Lessons are delivered online, with children encouraged to discuss the case study with each other and with their teachers (though Biswas prefers the term “moderator”). “The aim is to deliver real world learning where children think about the practical applications of what they’re finding out about,” she says. “We focus on emotional intelligence and skills such as empathy and collaboration – the kind of skills that employers will really value in the future.”

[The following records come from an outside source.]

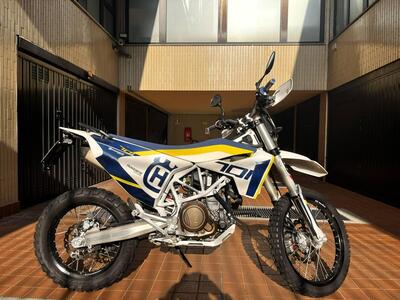 Husqvarna 701 Enduro (2017 - 19) usata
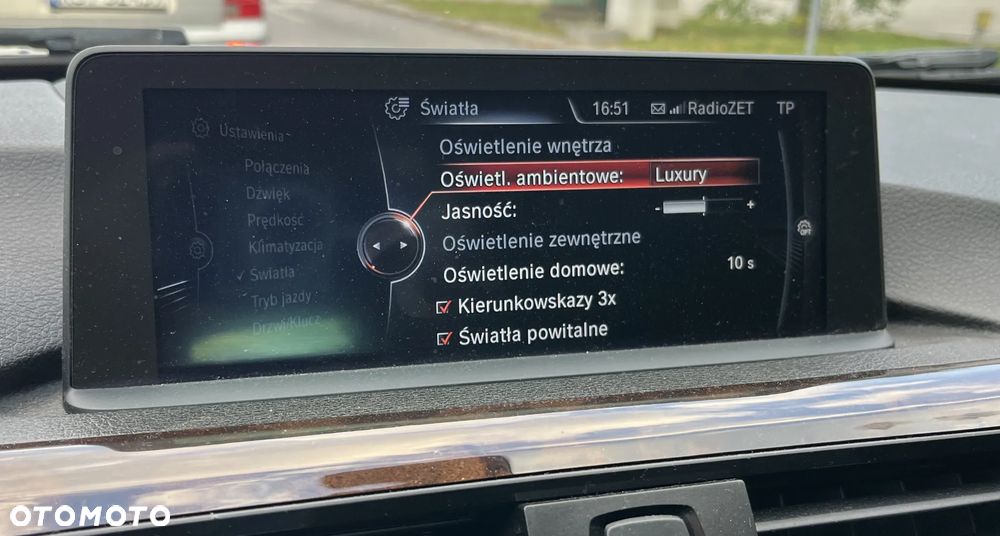 BMW Seria 3 320d xDrive Sport-Aut Luxury Line - 30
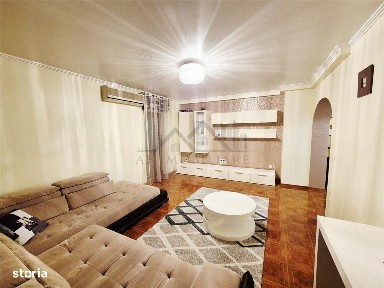 Apartament cu 4 camere decomandat cu parcare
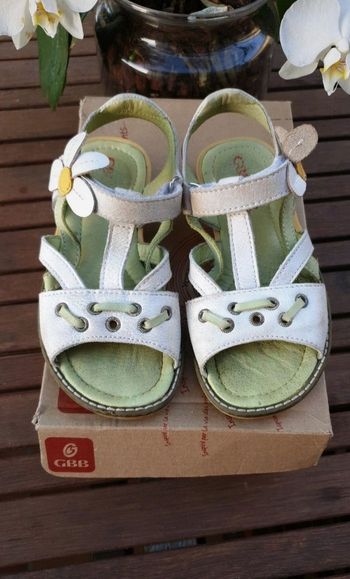 Sandales nu pied GBB pointure 28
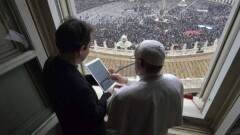 Папа Римский запустил мобильное приложение "Кликни и молись"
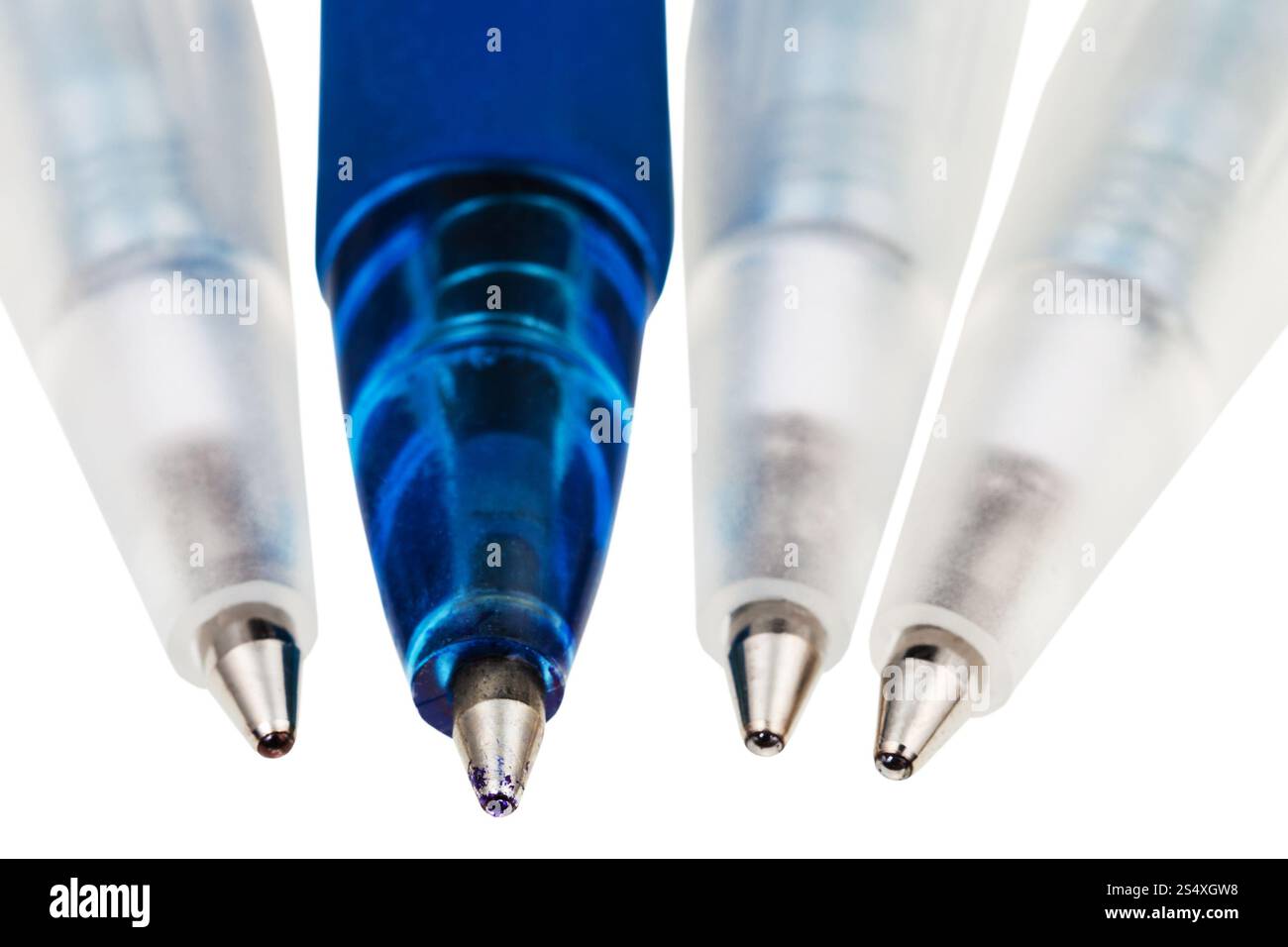 Stylos à bille en plastique des conseils close up isolé sur fond blanc Banque D'Images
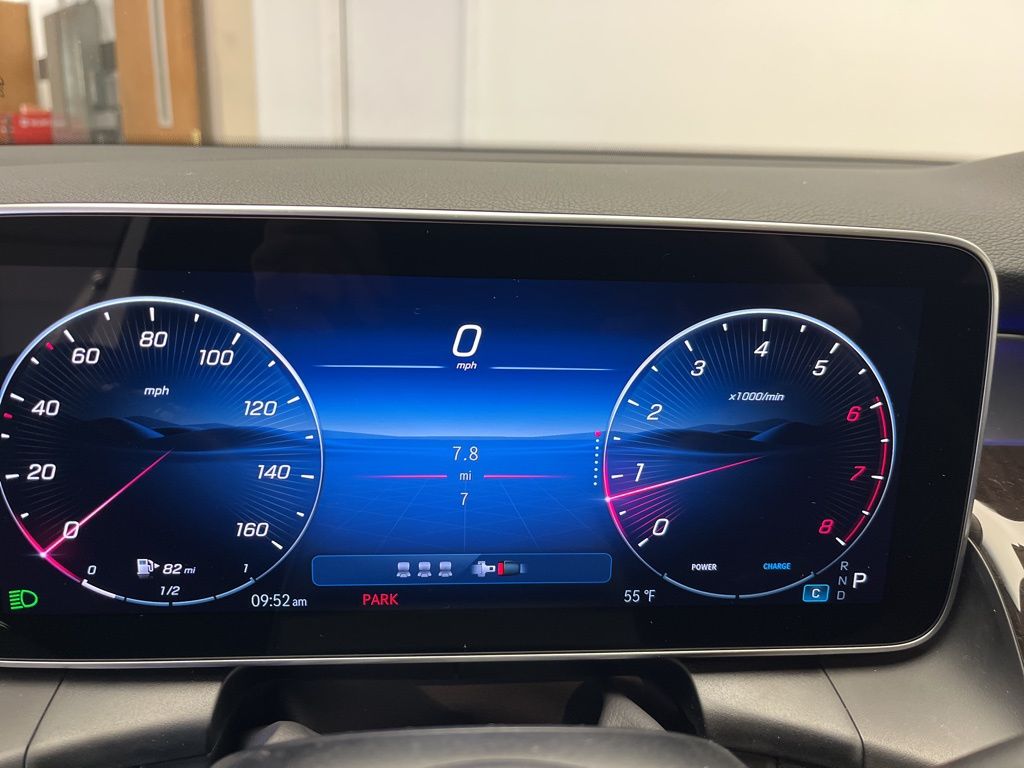 Thumbnail: 2026 Mercedes-Benz GLC - 16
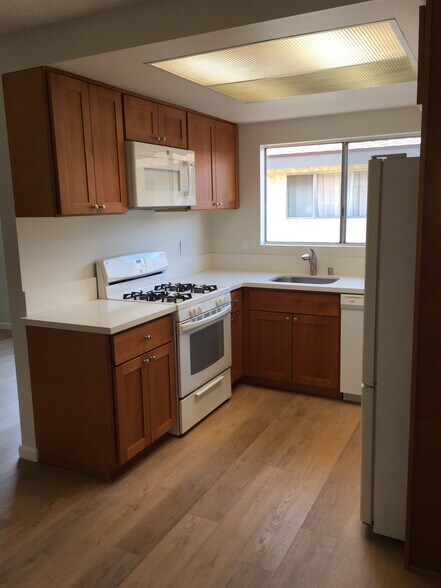 Built in kitchen with dishwasher and microwave - 31 N Valencia St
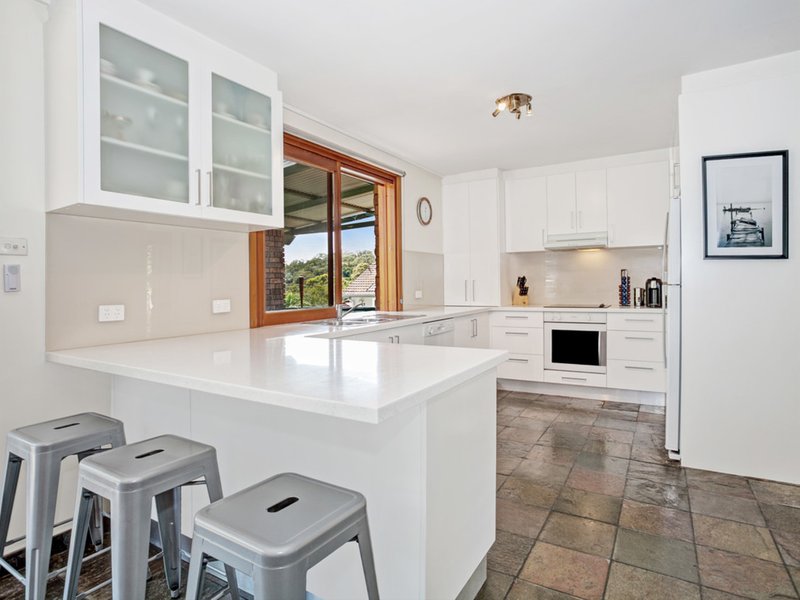 Photo - 91 Sladden Road, Yarrawarrah NSW 2233 - Image 6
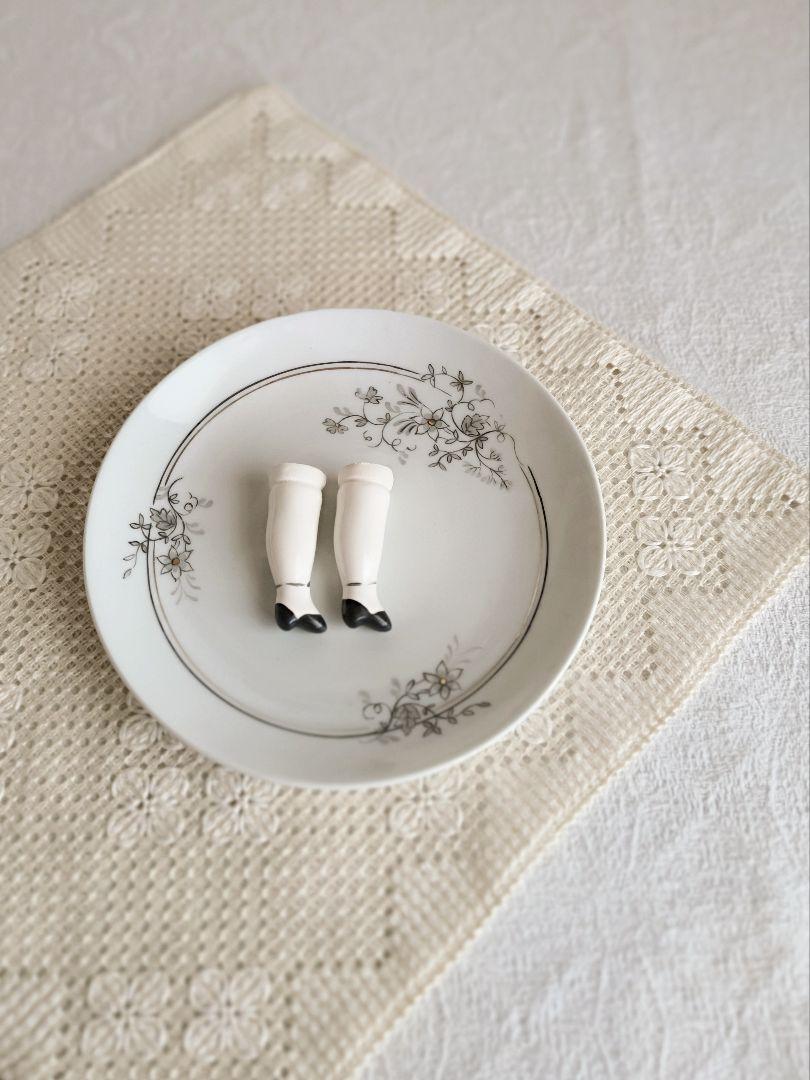 * old arabia ❀ モノトーンと金彩の 15.5 plate SET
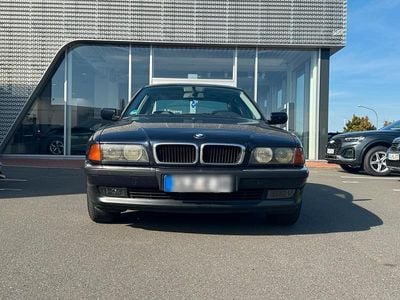 BMW 728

It’s a model that Biswas has developed based on her own experience of education and work. “I grew up in East India in the sort of place where you might expect opportunities to be limited, but my parents constantly encouraged me to be curious and to try new things – to develop the skills I would need later in life,” she says. She went on to study at the Indian Institutes of Technology and at Harvard, while managing stints of teaching herself, and then worked for multinationals including the oilfield services company Schlumberger and the consulting firm Bain.
Eventually, Biswas launched Early Steps Academy, attracting funding from investors including Beenext from Singapore and Taurus Ventures from the US. The company has grown quickly, and has so far worked with more than 20,000 students in just over 20 countries around the world.
The start-up’s courses are aimed at children aged eight to 18 and cost between $18 and $25 a week. For that, children get access to a live online class delivered each week by the course moderator – typically with industry experience of what they’re teaching – and access to Early Steps Academy’s learning platform, which provides a range of background material and support.
The company is developing its model based on analysis of the learning experience of children and their families. Biswas says feedback from families suggest children are 10 times more confident after going through one of Early Steps Academy’s course – happier to participate at school and elsewhere, for example, and able to engage with peers more collaboratively and openly.
The next challenge for Biswas and her team is to scale up the model. She points to the size of the global market, with 2 billion children around the world currently of school age. Survey evidence suggests nine in 10 of them don’t feel confident about the real world. “The key is to reach many more children while being absolutely confident that we are not compromising on the quality of the education we offer,” she says. “There is no point in doing it unless we feel we are meaningfully changing children’s lives.”
One big step forward will be to develop course content in languages other than English, Biswas says. Currently, Early Steps Academy is only reaching children comfortable learning in English, so moving into new languages has the potential to substantially expand the company’s market.